_WHAT TO WORK ON_
Skip pictures in the listing below; copy exactly the lines from the one with "Акустическая система Trust" through the one with "Anouk Ruched Dress", inclusive.

_DATA EXTRACTS_
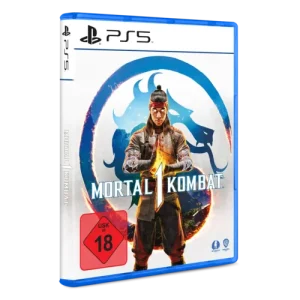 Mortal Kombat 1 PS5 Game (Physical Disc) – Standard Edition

* * *

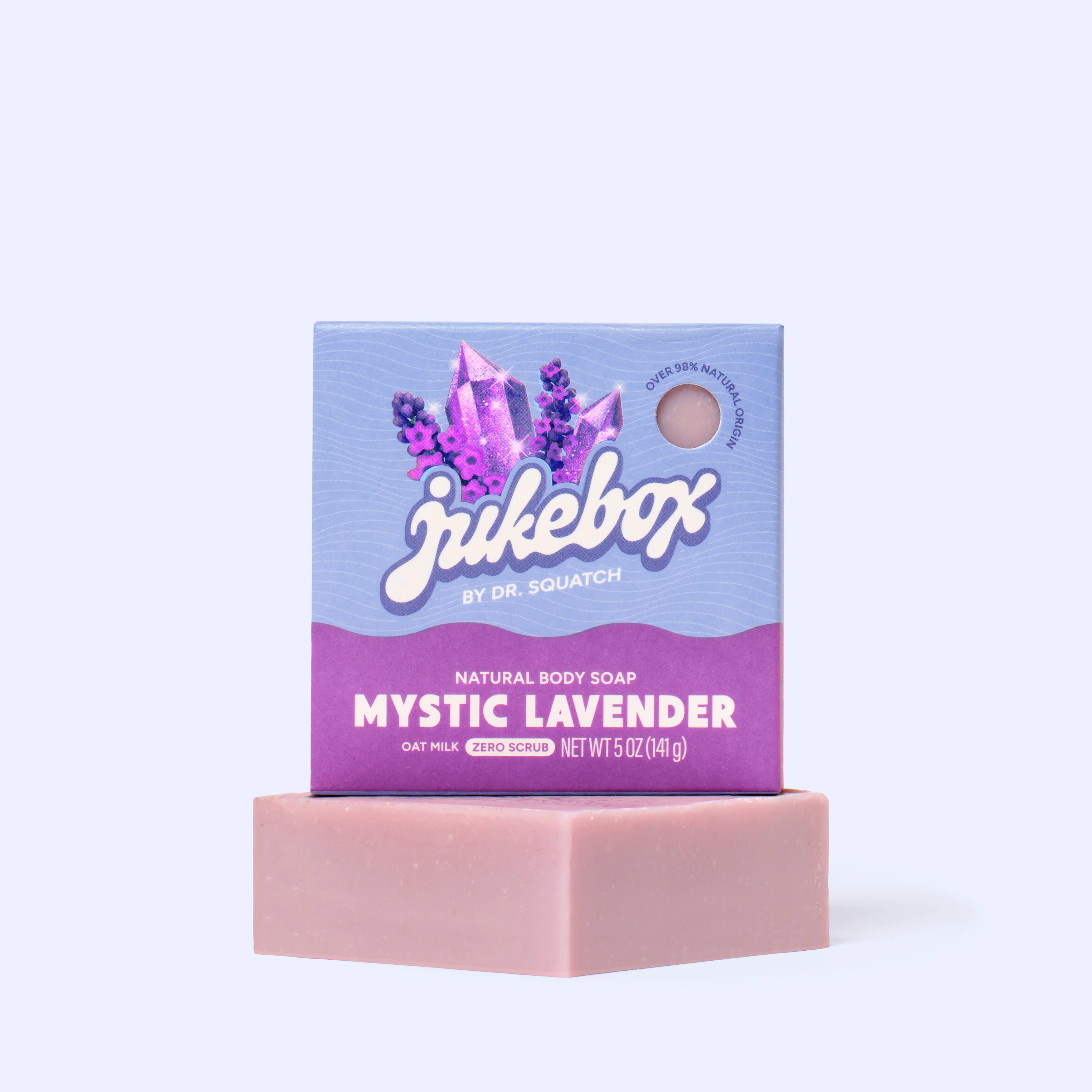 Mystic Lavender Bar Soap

...

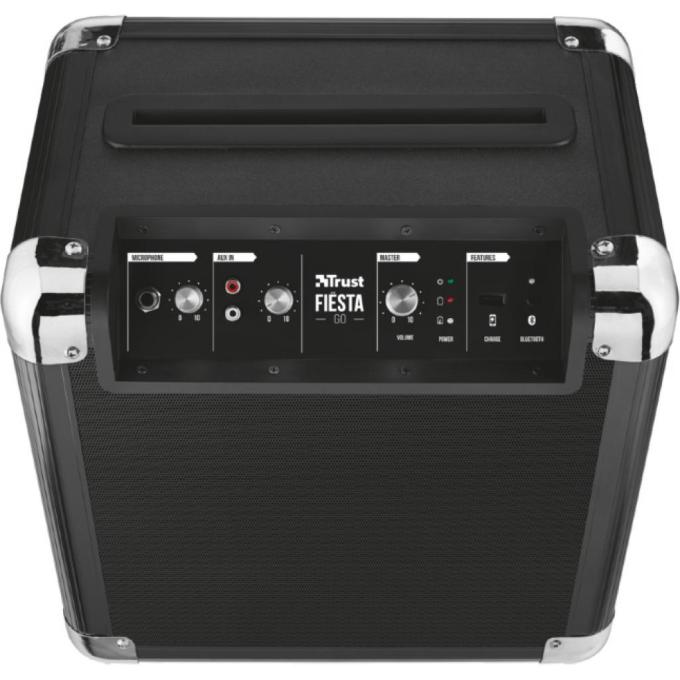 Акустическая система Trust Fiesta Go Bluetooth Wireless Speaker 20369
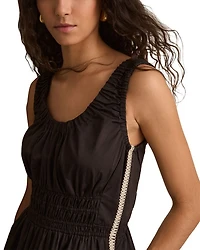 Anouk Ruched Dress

_RESPONSE TO THIS EXERCISE_
 Акустическая система Trust Fiesta Go Bluetooth Wireless Speaker 20369
 Anouk Ruched Dress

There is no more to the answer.